Teori dramaturgi ala Goffman tepat untuk menggambarkan bagaimana proses kandidasi Pilkada 2020 dilakukan parpol.

Nurrochman

Pemilihan Kepala Daerah (Pilkada) Serentak 2020 akan digelar pada 23 September di 270 daerah. Tahapan penyelenggaraan Pilkada 2020 saat ini memasuki tahap penjaringan bakal calon kepala daerah yang dilakukan partai politik. Sejumlah tokoh yang ingin berlaga di Pilkada 2020 pun mulai melakukan pendekatan intensif ke sejumlah partai, tentu dengan harapan mendapatkan tiket pencalonan. 

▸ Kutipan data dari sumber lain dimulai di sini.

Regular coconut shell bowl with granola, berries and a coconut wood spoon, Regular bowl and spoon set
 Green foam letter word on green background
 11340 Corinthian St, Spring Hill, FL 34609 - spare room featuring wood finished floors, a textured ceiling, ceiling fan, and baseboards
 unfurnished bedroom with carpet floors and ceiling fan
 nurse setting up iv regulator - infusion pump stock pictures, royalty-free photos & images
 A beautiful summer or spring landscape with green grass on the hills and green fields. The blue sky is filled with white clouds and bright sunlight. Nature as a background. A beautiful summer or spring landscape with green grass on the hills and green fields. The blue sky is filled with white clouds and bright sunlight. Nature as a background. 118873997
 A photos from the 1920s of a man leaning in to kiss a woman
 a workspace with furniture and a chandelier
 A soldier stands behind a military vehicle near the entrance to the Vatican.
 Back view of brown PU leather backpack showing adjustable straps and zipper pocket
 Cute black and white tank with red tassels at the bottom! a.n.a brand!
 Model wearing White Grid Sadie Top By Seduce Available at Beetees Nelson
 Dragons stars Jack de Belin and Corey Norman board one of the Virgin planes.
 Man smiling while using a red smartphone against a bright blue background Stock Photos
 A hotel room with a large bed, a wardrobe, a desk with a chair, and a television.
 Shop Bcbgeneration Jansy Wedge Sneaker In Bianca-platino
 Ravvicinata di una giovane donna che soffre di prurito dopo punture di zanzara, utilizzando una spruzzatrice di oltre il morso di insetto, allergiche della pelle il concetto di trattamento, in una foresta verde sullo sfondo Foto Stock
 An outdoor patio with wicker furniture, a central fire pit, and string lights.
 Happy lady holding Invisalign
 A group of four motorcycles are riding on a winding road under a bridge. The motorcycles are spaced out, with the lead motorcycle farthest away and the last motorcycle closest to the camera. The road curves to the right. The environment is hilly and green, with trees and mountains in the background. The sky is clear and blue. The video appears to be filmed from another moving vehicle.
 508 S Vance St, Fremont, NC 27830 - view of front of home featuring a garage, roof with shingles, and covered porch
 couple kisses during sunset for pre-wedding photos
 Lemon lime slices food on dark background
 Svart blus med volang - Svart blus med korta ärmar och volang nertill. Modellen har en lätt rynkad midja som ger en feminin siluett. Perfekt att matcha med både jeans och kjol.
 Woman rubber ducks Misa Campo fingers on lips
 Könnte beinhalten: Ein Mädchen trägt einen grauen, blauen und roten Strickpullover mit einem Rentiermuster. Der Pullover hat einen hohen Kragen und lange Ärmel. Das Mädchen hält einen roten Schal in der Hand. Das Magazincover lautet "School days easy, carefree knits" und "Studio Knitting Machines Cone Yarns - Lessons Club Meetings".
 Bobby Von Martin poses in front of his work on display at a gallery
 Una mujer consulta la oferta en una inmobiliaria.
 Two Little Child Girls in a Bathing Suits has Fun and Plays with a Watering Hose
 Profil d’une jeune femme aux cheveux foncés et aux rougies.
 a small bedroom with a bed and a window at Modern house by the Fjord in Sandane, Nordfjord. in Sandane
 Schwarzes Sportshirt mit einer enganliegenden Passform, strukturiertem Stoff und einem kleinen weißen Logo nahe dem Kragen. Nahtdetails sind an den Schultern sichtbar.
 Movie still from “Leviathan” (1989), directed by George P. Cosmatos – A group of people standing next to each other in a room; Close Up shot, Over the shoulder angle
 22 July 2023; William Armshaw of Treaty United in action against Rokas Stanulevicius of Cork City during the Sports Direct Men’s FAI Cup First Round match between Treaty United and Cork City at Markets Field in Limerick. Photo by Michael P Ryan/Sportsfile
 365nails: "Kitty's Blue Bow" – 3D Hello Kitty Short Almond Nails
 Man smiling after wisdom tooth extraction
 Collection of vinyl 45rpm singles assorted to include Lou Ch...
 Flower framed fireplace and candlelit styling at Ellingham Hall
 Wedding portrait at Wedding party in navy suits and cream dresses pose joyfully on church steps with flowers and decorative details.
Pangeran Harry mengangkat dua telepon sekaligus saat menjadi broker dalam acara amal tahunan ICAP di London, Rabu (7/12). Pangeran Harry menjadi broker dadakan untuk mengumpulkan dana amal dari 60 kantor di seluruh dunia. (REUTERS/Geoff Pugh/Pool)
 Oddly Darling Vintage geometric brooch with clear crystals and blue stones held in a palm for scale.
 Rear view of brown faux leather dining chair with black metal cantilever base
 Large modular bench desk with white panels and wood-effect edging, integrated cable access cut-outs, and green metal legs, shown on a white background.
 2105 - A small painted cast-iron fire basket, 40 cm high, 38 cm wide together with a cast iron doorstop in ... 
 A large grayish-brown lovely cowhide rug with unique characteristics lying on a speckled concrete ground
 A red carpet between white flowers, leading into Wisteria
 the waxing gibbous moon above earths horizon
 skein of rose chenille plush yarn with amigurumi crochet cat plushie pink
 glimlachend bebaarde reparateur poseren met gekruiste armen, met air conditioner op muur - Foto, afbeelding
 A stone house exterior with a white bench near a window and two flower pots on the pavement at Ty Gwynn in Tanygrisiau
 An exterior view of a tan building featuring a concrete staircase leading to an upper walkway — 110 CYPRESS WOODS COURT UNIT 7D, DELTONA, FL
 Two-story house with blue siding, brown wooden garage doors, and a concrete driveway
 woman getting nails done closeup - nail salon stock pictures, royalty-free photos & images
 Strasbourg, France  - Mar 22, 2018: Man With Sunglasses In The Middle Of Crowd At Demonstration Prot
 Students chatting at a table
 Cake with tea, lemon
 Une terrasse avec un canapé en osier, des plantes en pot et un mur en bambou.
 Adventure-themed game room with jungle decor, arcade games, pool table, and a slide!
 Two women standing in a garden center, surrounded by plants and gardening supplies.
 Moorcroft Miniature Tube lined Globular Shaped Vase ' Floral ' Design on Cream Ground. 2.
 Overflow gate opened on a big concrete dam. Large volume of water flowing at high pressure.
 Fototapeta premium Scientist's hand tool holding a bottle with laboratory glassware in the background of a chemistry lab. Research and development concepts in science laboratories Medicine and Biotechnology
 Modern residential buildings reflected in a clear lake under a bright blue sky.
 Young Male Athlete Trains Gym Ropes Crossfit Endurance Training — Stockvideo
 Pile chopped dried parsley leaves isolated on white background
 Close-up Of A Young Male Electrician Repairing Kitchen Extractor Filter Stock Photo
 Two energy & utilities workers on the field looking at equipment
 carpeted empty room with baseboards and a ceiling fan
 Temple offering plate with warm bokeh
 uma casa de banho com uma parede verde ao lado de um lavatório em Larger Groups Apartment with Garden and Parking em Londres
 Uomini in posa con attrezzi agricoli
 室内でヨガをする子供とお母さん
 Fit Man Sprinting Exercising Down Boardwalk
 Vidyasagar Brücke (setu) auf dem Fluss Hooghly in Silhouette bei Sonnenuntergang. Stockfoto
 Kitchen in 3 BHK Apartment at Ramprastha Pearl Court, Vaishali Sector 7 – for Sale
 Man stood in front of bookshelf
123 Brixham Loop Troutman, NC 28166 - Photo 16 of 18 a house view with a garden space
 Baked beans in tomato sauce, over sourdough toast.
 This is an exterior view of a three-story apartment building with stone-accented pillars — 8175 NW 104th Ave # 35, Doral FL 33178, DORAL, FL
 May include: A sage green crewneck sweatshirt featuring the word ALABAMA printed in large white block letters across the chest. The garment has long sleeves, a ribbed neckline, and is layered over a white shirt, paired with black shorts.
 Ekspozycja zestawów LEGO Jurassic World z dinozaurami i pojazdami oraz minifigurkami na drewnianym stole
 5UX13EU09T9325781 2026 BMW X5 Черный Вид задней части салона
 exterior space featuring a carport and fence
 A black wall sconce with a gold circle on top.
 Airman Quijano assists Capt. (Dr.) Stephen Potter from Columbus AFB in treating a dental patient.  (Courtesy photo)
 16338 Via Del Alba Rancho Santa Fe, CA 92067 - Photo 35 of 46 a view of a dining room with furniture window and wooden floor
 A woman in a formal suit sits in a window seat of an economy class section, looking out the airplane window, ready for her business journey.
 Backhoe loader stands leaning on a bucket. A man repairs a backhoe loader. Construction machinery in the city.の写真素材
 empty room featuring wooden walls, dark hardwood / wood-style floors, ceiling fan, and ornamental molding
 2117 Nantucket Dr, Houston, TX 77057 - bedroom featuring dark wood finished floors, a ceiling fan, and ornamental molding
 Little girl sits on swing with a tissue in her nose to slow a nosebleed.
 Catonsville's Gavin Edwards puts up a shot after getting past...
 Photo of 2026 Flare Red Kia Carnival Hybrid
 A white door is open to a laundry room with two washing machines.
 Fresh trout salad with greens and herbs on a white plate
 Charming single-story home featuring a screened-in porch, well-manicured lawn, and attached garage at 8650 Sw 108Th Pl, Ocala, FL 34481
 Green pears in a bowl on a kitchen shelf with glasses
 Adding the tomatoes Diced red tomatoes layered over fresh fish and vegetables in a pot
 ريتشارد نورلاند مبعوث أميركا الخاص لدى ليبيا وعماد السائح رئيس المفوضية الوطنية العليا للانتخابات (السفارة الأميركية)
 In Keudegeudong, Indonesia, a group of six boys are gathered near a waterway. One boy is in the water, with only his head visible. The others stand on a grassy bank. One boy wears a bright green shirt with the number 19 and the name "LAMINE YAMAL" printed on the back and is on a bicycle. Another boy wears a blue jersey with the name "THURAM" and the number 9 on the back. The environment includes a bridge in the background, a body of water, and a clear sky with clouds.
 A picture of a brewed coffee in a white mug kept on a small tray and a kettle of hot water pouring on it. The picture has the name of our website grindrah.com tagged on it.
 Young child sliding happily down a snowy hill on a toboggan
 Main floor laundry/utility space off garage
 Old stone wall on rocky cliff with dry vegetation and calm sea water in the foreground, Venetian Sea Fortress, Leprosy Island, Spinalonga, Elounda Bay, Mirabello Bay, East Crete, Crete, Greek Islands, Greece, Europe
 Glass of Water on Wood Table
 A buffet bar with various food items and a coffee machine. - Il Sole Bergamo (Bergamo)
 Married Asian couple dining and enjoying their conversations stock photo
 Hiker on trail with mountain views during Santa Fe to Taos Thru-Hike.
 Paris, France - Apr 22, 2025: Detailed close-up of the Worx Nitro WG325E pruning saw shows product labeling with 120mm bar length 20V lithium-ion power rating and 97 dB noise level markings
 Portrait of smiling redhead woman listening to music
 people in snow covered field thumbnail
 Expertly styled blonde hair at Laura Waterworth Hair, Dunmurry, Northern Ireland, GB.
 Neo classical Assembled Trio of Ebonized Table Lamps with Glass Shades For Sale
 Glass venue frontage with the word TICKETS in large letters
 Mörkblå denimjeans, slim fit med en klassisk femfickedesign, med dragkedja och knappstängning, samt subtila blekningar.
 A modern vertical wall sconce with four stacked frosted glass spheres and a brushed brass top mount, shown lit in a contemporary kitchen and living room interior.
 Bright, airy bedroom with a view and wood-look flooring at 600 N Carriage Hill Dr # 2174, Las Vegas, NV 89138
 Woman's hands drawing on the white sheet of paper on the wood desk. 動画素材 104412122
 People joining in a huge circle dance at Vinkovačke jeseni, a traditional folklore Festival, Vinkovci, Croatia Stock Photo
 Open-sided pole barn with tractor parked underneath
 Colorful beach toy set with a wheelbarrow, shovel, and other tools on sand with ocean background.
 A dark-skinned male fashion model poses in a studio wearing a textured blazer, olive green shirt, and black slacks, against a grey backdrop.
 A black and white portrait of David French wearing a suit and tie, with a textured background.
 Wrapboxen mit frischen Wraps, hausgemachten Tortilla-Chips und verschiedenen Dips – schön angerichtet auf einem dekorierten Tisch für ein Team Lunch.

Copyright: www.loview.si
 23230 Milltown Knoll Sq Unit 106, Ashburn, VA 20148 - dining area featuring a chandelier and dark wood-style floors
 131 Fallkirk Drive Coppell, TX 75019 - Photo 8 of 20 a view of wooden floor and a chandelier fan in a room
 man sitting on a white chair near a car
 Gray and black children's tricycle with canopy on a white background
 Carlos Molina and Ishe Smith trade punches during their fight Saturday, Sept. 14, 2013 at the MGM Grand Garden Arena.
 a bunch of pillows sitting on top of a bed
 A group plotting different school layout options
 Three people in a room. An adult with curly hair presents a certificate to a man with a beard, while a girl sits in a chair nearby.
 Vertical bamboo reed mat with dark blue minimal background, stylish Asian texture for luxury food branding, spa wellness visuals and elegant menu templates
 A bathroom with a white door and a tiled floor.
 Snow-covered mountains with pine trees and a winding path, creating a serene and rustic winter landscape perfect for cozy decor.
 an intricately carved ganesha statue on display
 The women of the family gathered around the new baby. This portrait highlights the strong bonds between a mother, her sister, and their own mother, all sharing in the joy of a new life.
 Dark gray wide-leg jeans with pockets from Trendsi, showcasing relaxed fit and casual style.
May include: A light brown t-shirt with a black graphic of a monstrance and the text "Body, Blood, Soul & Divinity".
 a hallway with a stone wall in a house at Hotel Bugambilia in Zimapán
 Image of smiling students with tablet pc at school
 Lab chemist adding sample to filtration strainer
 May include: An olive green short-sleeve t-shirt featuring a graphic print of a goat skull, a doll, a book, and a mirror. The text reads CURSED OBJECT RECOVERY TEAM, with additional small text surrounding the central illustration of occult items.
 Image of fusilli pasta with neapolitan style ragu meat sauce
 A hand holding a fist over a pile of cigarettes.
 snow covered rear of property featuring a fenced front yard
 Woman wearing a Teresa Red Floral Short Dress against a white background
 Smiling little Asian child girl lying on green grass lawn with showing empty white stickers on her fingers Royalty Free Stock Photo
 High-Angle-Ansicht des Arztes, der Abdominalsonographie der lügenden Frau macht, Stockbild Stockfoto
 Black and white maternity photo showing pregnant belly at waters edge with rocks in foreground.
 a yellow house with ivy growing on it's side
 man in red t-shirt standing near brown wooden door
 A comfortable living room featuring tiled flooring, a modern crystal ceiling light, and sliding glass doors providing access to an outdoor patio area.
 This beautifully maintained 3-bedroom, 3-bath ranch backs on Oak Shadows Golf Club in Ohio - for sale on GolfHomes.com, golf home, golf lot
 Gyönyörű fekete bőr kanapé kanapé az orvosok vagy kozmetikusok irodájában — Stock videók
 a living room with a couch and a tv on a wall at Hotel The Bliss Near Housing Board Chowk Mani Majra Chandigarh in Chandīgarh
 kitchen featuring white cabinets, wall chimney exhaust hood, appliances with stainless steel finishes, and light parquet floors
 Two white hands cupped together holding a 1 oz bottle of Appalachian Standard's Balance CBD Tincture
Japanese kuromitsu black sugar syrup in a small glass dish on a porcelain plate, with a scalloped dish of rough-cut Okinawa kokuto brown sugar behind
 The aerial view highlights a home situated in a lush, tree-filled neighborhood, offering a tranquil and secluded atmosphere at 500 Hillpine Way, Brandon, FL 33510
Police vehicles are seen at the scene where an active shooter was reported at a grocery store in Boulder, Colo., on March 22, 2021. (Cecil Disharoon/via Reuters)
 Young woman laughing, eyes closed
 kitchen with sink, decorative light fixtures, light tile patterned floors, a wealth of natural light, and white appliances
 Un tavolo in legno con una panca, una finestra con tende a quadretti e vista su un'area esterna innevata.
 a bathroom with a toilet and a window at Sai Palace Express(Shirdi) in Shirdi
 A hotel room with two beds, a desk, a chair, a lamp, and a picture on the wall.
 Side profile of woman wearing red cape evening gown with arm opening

Menarik mengamati proses kandidasi Pilkada 2020 oleh sejumlah parpol yang umumnya dilakukan secara tertutup. Seleksi bakal calon kepala daerah yang dilakukan secara tertutup ini dalam banyak hal merepresentasikan teori dramaturgi yang dicetuskan oleh Erving Goffman (1956). Teori dramaturgi Goffman menggambarkan kehidupan sosial-politik laiknya pertunjukan teater yang memiliki panggung depan (front stage) dan panggung belakang (back stage).

Panggung depan ialah arena para aktor menyajikan penampilan sesempurna mungkin di depan penonton. Sementara panggung belakang ialah arena dimana para aktor bebas melakukan apa saja lantaran steril dari jangkauan penonton. Goffman menyebutkan bahwa antara panggung depan dan panggung belakang, terdapat perbedaan yang sangat kontradiktif. 

Teori dramaturgi ala Goffman itu kiranya tepat untuk menggambarkan bagaimana proses kandidasi Pilkada 2020 dilakukan parpol. Di panggung depan, kandidasi seolah dilakukan secara terbuka, melibatkan seleksi, fit and proper test dan tahapan formalistik lainnya. Namun, di panggung belakang, arena yang luput dari perhatian publik, kandidasi Pilkada 2020 diwarnai oleh praktik negosiasi-transaksional yang tidak jarang melibatkan pertukaran uang dan pembagian kekuasaan. Hasil akhir dari praktik transaksional itu pun dengan mudah dapat ditebak. Siapa yang mampu menunjukkan posisi tawar (bargaining position) paling kuat, dialah yang paling berpeluang mendapatkan tiket pencalonan. 

Model kandidasi tertutup disertai praktik transaksional seolah menjadi lazim dalam tradisi politik kita. Mulai level nasional, seperti pencalonan presiden dan wakil presiden, hingga level lokal seperti pencalonan gubernur dan bupati/walikota, kandisasi yang diwarnai politik transaksional seolah tidak bisa dihindari. Menjadi wajar jika dunia politik kita mengenal istilah “mahar politik”. Dalam konteks kandidasi pilkada, mahar politik telah menjadi fenomena gunung es yang tampak sedikit di puncak, namun berserak di bawah. Para elite politik memang kerap menampik praktik kotor tersebut, namun aroma lancungnya kadung menyebar ke publik.